Lincoln University's Presidential Search Committee met Thursday to decide which candidate they think the Board of Curators should hire as LU's next president.

Their choice will be forwarded to the curators without being made public.

The committee already has considered applications from 58 people, interviewed five and recommended two finalists - William Hudson Jr. and Jerald Jones Woolfolk.

The finalists visited the Lincoln campus last week, were interviewed by the curators and answered questions from faculty, staff, students, alumni and Jefferson City area residents during several different meetings.

But, Curator Winston Rutledge, a search committee co-chair, told the News Tribune one of the committee's jobs was "to present their preference of a candidate to the Board of Curators."

Thursday's meeting, which was closed to the public and media, was called "to discuss the two candidates we've interviewed, look at the information we have and try to make a decision as to who the search committee would be the best candidate," Rutledge explained.

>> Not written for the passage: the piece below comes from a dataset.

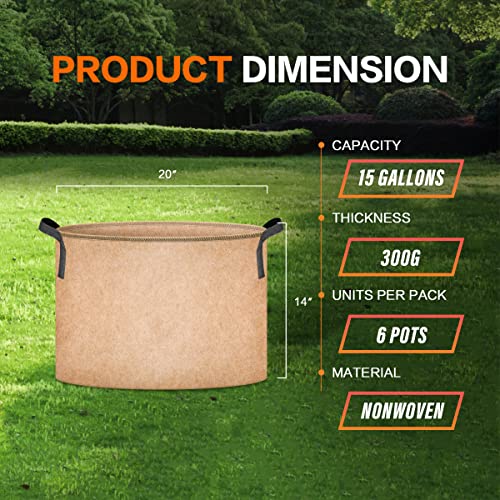 iPower Plant Grow Bag 15 Gallon 6-Pack Heavy Duty Fabric Pots, 300g Thick Nonwoven Fabric Containers Aeration with Nylon Handles, for Planting Vegetables, Fruits, Flowers, Tan 2024 Version - color: Tan, size: 15 Gallon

The 22-member search committee included three curators; three state senators; Mayor Carrie Tergin; Jefferson City Area Chamber of Commerce President Randy Allen; and representatives of faculty, staff, students, retired faculty and alumni.

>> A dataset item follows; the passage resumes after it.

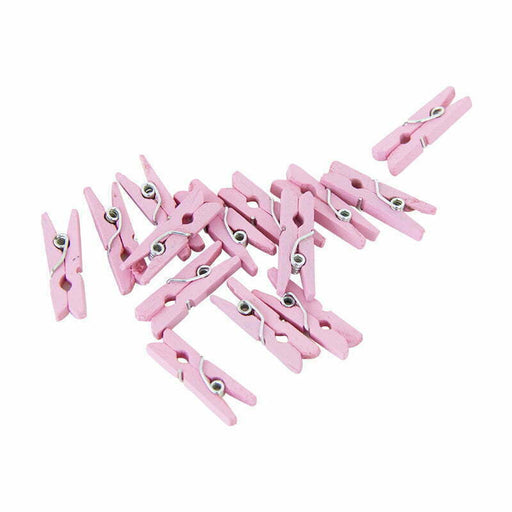 Wooden Pegs 24pcs - Pink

Curators President Marvin Teer, who also served on the committee, said he hoped the committee would provide "guidance as to what the majority of our stakeholders feel and think about where we go next.

"I think the search committee is absolutely essential (to the curators' decision), because it is the collective voice of all of our interested family groups - it absolutely plays an essential role in the decision we make," Teer said.

Hudson and Woolfolk both are vice presidents of student affairs in their current jobs - Hudson at Florida A&M University in Tallahassee and Woolfolk at the State University of New York-Oswego.

Those student affairs backgrounds and experiences prompted LU's Faculty Senate last week - on a 29-17 vote, with 10 abstentions - to ask the board to extend its search, to get someone with more of an academic background.

The curators have had no official reaction to that request, although Teer told the News Tribune last week: "(The resolution) will be part of all of the discussions that we have for the future of Lincoln."

The board, which held a closed-session conference call Wednesday on other issues, hasn't scheduled a meeting, yet, to decide on the school's 20th permanent president.

Teer and Rutledge hope Lincoln's next president can be introduced April 7 during the annual President's Gala.